EXERCISE:
An exact transcription is needed, beginning at the line with "Jack Russell Terrier" and ending at the last line of the listing, with pictures left out and nothing else added.

PROVIDED DATA:
---+---
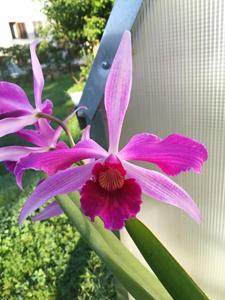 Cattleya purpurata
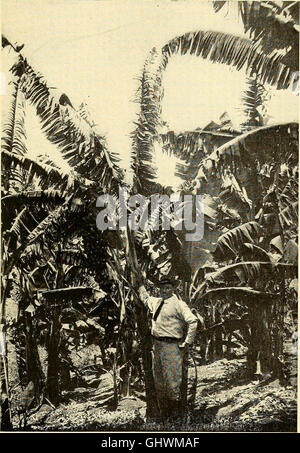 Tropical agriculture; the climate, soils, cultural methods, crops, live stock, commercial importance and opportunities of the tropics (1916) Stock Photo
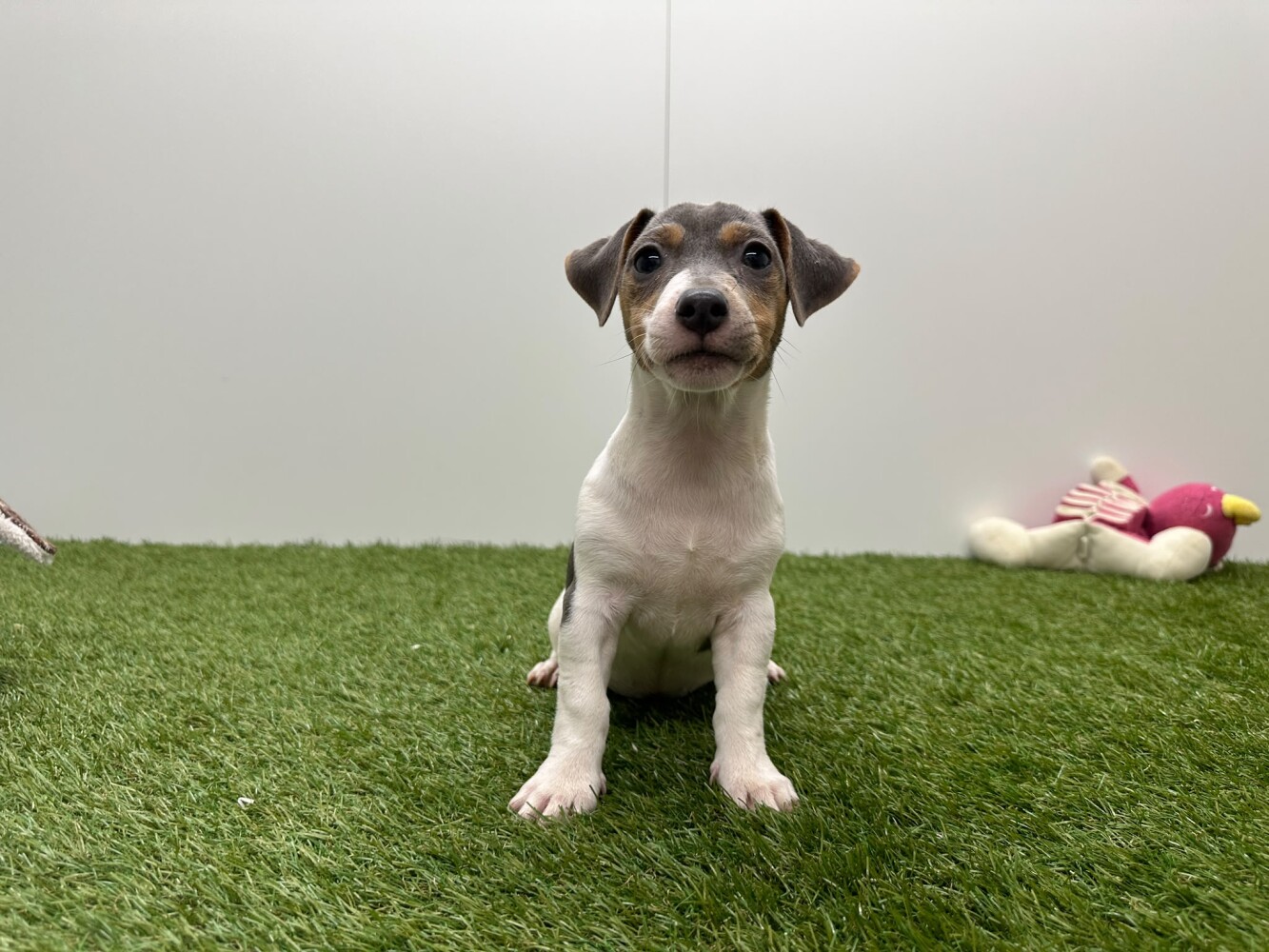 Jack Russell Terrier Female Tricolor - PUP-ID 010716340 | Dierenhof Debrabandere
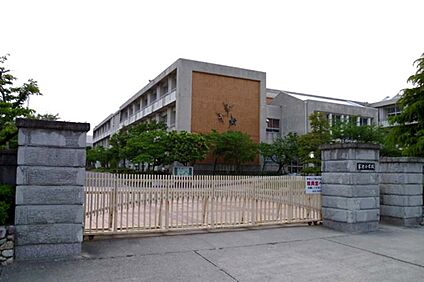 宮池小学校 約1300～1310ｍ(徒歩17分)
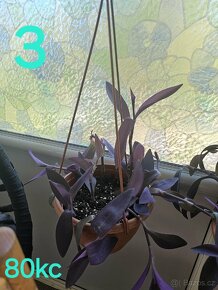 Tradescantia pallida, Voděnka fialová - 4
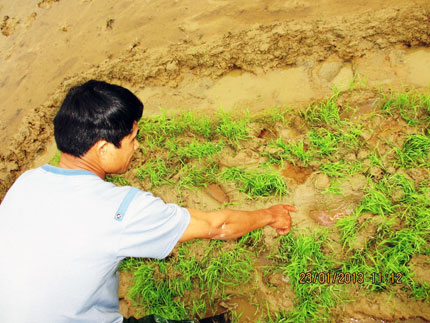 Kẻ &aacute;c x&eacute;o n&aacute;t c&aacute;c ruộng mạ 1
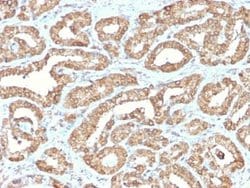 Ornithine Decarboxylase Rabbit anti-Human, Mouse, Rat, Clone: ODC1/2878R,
---+---
REPLY:
 Jack Russell Terrier Female Tricolor - PUP-ID 010716340 | Dierenhof Debrabandere
 宮池小学校 約1300～1310ｍ(徒歩17分)
 Tradescantia pallida, Voděnka fialová - 4
 Kẻ &aacute;c x&eacute;o n&aacute;t c&aacute;c ruộng mạ 1
 Ornithine Decarboxylase Rabbit anti-Human, Mouse, Rat, Clone: ODC1/2878R,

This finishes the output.